**DIRECTIONS FOR THIS TASK:** Return exactly the lines below, starting with the one that has "Vs: Biene zwischen" and going on through the one that has "Rs: Hirsch vor Palme nach rechts s...".

**TASK MATERIAL:**
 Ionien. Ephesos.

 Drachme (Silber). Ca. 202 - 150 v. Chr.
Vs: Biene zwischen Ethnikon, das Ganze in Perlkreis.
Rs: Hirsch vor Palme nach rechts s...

...

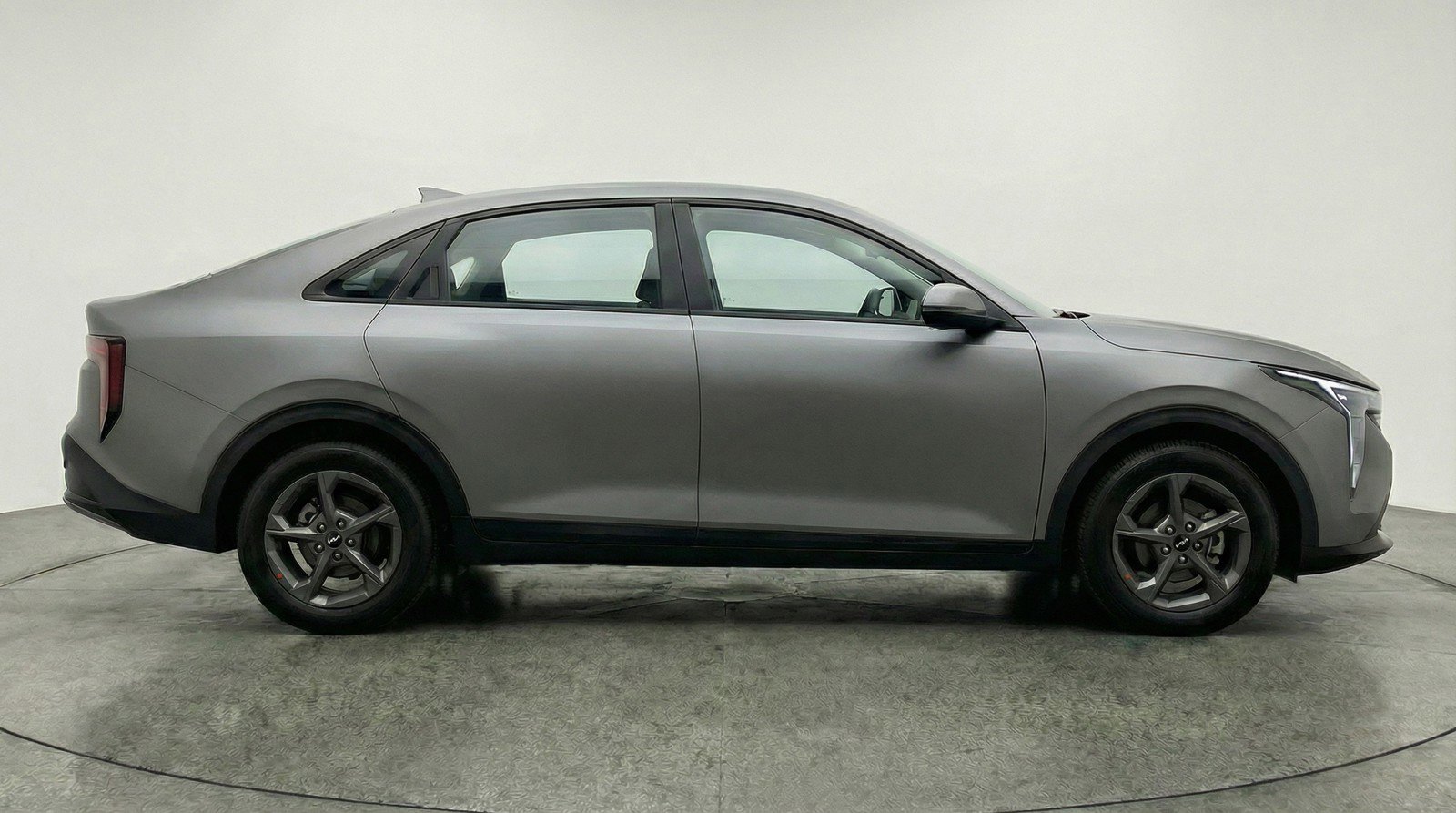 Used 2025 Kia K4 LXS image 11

**SOLUTION FOR THIS TASK:**
Vs: Biene zwischen Ethnikon, das Ganze in Perlkreis.
Rs: Hirsch vor Palme nach rechts s...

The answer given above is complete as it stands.